Cela revient à dire que les revenus versés aux travailleurs, qu’ils soient ouvriers, cadres, ingénieurs, agriculteurs, etc., seraient supérieurs de 30% à ceux qu’ils perçoivent aujourd’hui. Plus précisément le smic brut serait porté en 2012 de 1 425,67 euros à 1 855,97 euros ! Faut-il rappeler que le 25 mai 1968 les négociations et accords de Grenelle (le Grenelle historique, le vrai !) ont permis une augmentation du SMIC de 35% en une seule fois.

Pour modérer cette déduction rapide n’oublions pas que le nombre d’emplois est aussi un élément essentiel dans la répartition entre salaire et capital. Un taux de chômage élevé entretient la pression sur la baisse des salaires.

Donc, il y a en gros 200 milliards d’euros qui ont ripé du travail vers le capital.

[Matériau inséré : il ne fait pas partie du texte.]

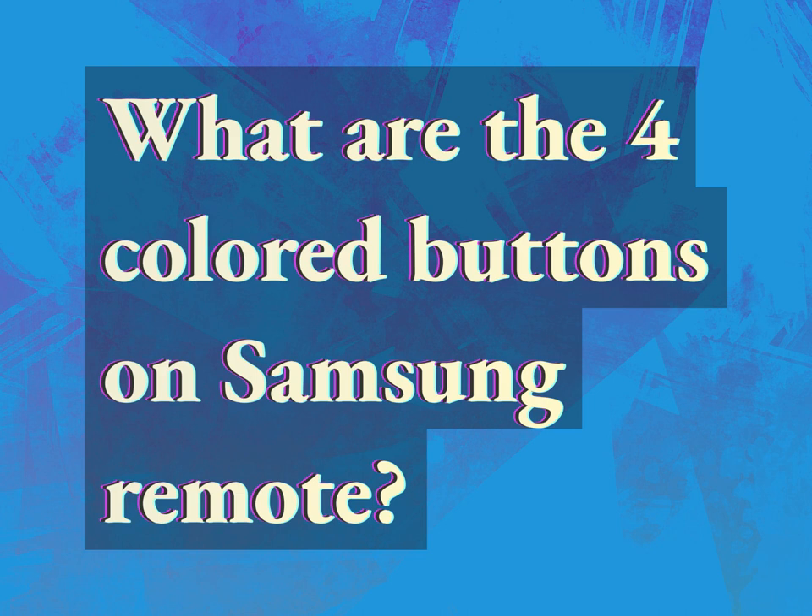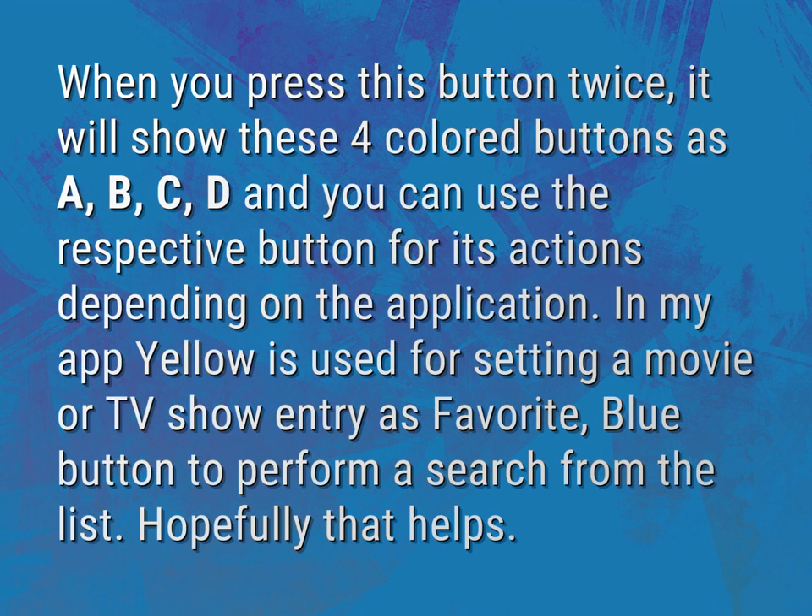What are the four colored buttons on Samsung Remote? Accept the answers from us. When you press this button twice, it will show these four colored buttons as A, B, C, D and you can use the respective button for its actions depending on the application.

Pour Jacky Fayolle, ancien directeur de l’Institut de recherches économiques et sociales (IRES), de tels ordres de grandeur « traduisent des déformations structurelles, pas simplement de l’économie mais de la société ». Ces déformations résultent de « tout un ensemble de facteurs : le poids du chômage, les politiques économiques, les changements de la gouvernance des entreprises depuis une vingtaine d’années ».

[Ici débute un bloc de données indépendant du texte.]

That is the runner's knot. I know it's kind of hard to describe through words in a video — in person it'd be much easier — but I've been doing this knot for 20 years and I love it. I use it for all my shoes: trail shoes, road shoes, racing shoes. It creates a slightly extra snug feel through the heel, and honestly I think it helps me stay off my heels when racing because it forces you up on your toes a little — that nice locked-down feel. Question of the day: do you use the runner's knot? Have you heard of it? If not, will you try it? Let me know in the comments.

Il faut bien reconnaître et admettre que l’abandon de l’économie par le pouvoir politique conduit l’organisation de la société dans une dérive de la compétitivité qui ne se tourne exclusivement que vers l’appât de gains toujours plus importants, un besoin insatiable des « locataires de la forteresse».[4]C’est, en effet, une déformation structurelle de la société qui se traduit par un changement de la gouvernance des entreprises et qui entraîne du chômage.

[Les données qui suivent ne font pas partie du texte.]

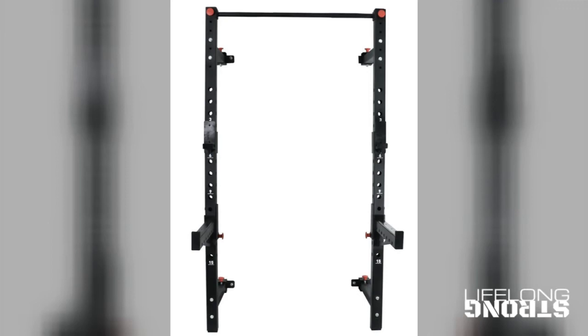The third and final option — and the one I'd recommend — is a wall-mounted folding rig. As the name suggests, these mount to your wall, so there is some setup required and they need to be mounted properly. The great thing is that they fold out of the way when not in use. In terms of durability and strength, they sit somewhere between squat stands and the power rack, and you can pick one up from about four hundred dollars.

Et qui redoute le pire ? M. Alan Greenspan, ancien directeur de la Réserve fédérale américaine (la Fed), livre ses inquiétudes au Financial Times[5]. Il estime que la part des salaires est historiquement basse alors que les gains de productivité ne cessent de progresser. Il redoute que des gens se soulèvent contre le capitalisme et le marché dont les profits deviennent indécents.

Ce n’est donc plus un ressentiment contre le capitalisme de marché, c’est un détournement de la force du travail au profit du capital. Il est confirmé par un commentaire de l’Insee[6]. Après avoir sensiblement augmenté à la suite des accords de Grenelle en 1968 et des chocs pétroliers de la décennie 70, la part des revenus du travail a reculé au cours des années 80. Elle a retrouvé, depuis le début des années 90, un niveau proche de celui du début de la décennie 60 ! Cette institution confirme la baisse de 9,3% de la part des salaires dans le PIB [7].

Mais cette thèse est contestée par les orthodoxes de l’économie libérale qui sont actuellement aux commandes du monde.

C'est l'objet du prochain chapitre: "Les orthodoxes contestent le détournement !"

Denis Garnier


[1] François Ruffin ; « La guerre des classes » Editions Fayard- 2008

[2] Source citée par Richard Sennett -Luci Ellis et Kathryn Smith, « The global upward trend in the profit share », Banque des règlements internationaux, Working Papers, n° 231, Bâle, juillet 2007.

[3] Maurice Allais- Extrait d’une lettre ouverte adressée à Monsieur Jacques Myard, Député des Yvelines, 2005

[4]« Les locataires de la forteresse », désigne pour l’auteur, tous les acteurs de la finance internationale qui tiennent l’économie des Etats. Locataires parce qu’ils ne sont que de passage, comme nous tous.

[5] Financial Times, Londres, 17 septembre 2007. Lire aussi La Tribune du même jour.

[6] Economie et statistique n°323-1999

[7] Selon les dernières séries de l’Insee, la part des salaires dans la valeur ajoutée des entreprises est de 65,8 % en 2006 contre 74,2 % en 1982, soit un recul de 8,4 points. Selon la Commission européenne, la part des salaires dans l’ensemble de l’économie est passée de 66,5 % en 1982 à 57,2 % en 2006, soit une baisse de 9,3 points.